Getting wide release this weekend is Roger Donaldson's The Bank Job, also known as the movie that seems like it should be directed by Guy Ritchie but isn't. It is, however, based on an infamous 1971 vault heist which has gained recent noteriety not so much for the unsolved crime — although it was one of the biggest bank jobs in British history at the time — but the circumstances of its aftermath: what seemed to be an incredibly newsworthy story was hardly written about in the days following thanks to a "D notice" that served to gag the press. Speculation as to why this would be the case has raged for thirty-five years, and now, Donaldson's film (informed by a newly popular conspiracy theory involving a royal sex scandal) attempts to answer the question definitively, if fictionally. Nothing makes for an exciting movie like crime, and nothing makes a crime movie have that little extra edge than the slightest elements of truth.

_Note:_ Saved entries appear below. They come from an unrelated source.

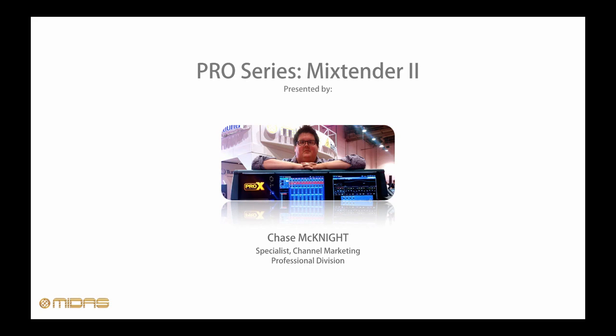Hello everyone and welcome to our Midas Pro Series webinar where we'll be going over the setup and functionality of our latest iOS remote app Mixtender 2.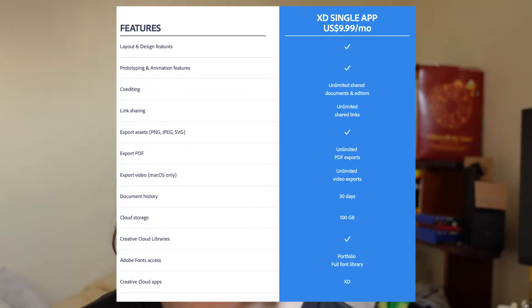Next is Adobe XD. Adobe XD is very similar to Figma — it's a UX/UI design tool as well as a prototyping tool. I really like Adobe XD for its animations. If you use other Adobe Creative products like Photoshop or Illustrator, you might find the interface more familiar than Figma. They also have a limited free plan, otherwise it's $9.99 a month for the single app.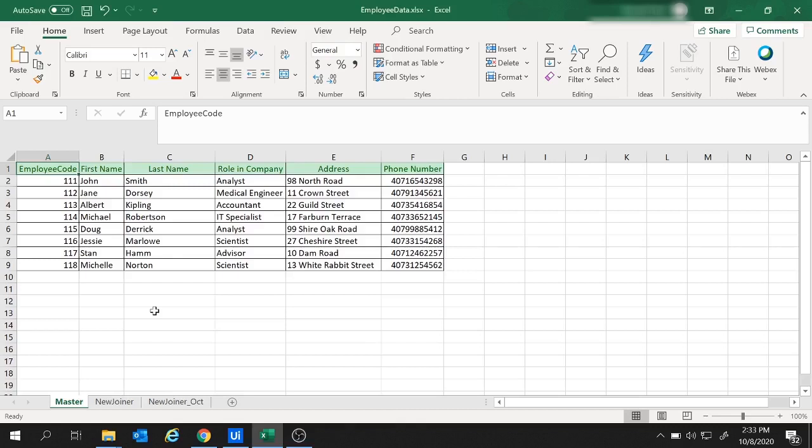Hi guys, welcome back to the session. Today we will create a UiPath project to compare two Excel sheets and remove the matching or duplicate rows. So let's get started.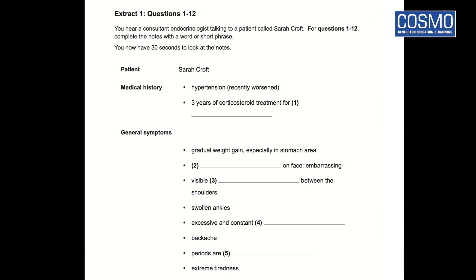Good morning, Mrs Croft. I see your GP has referred you to me. Yes. OK, well I've got some notes here with his referral letter, but it'd be helpful if you could tell me in your own words the sort of problems you've been experiencing. OK, well I've had high blood pressure for several years, but these last few months it's tending to get worse. I've been on corticosteroids too these last three years or so, and that's a result of the fact that I've suffered from asthma since my teens. I see. But I understand you've developed several other problems recently.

True crime movies have been a fixture of the silver screen almost since their inception; there's so many to choose from that we don't even begin to pretend this list is definitive. It's just a few of our favorites, each for a different reason. Line them all up on a cold night, watch them in a row, and thank your lucky stars this never happened to you...
THE PHENIX CITY STORY (1955)
A little-seen and underrated noir thriller from the genre's waning days, Phil Karlson's The Phenix City Story eschews the highly stylized approach of many of its contemporaries and goes for an understated, gritty style that allows it to function almost like a documentary.